If the differences were limited to one series of characteristics, or to one region of the body, we might accept them as specific; but when they range through all parts of the skeleton, so as to imply many differences in the soft parts of the body, I cannot but reiterate ... my earlier belief that the larger Belgian type constitutes a new genus.” Unfortunately, as noted above, the ruling of the ICZN makes it necessary to change the smaller Belgian type as a different genus.

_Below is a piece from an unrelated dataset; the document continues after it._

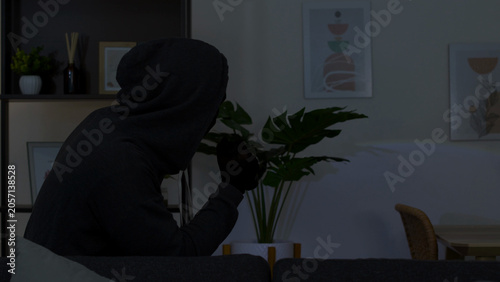 Billede på lærred Masked Intruder in Dark Hoodie Sitting in Dimly Lit Living Room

If anything Paul (2008) did not go far enough because it is clear that Early Cretaceous iguanodontid genera were far more diverse than generally realized, as shown by Cedar Mountain discoveries, and that the genus Iguanodon is a waste-basket of medium to large ornithopods. How Iguanodon became a waste basket is considered later.

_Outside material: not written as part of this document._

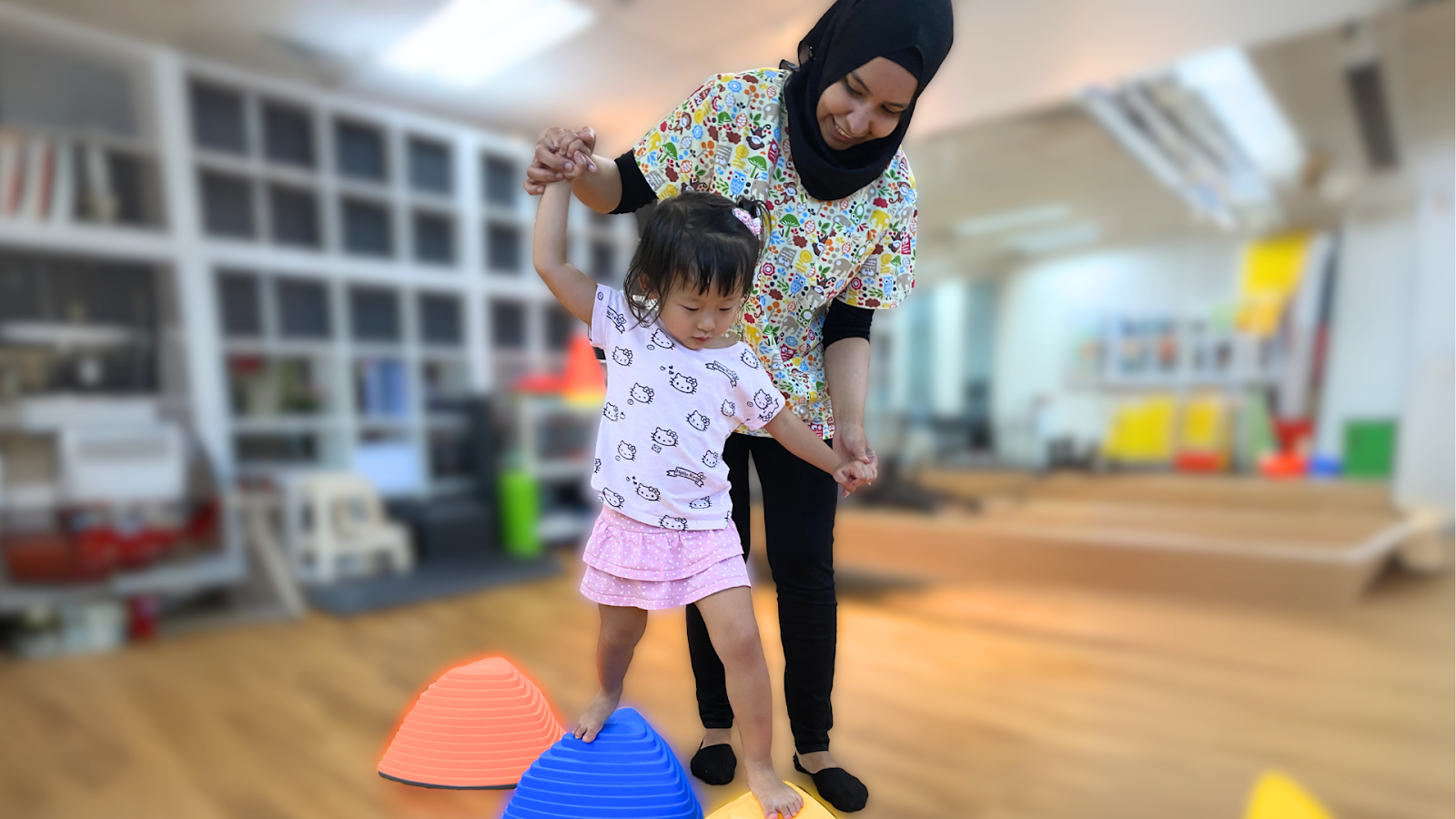 Paediatric physiotherapist helping a child navigate balance equipment during a gait and motor skills assessment in Singapore.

A number of ilia are referred to this taxon based on their overall similarities in the framework of the variation seen in Camptosaurus ilia. Variation is seen in the ventral deflection or angle of the preacetabular process, acuteness of the postacetabular process, and prominence of the postacetabular notch. The ilium has a long, slender preacetabular process, short, triangular postacetabular process, short lateral iliac crest, shallow suprailiac notch, wide preacetabular notch, and shallow postacetabular notch. The ischial peduncle is well expanded onto the lateral surface of the ilium.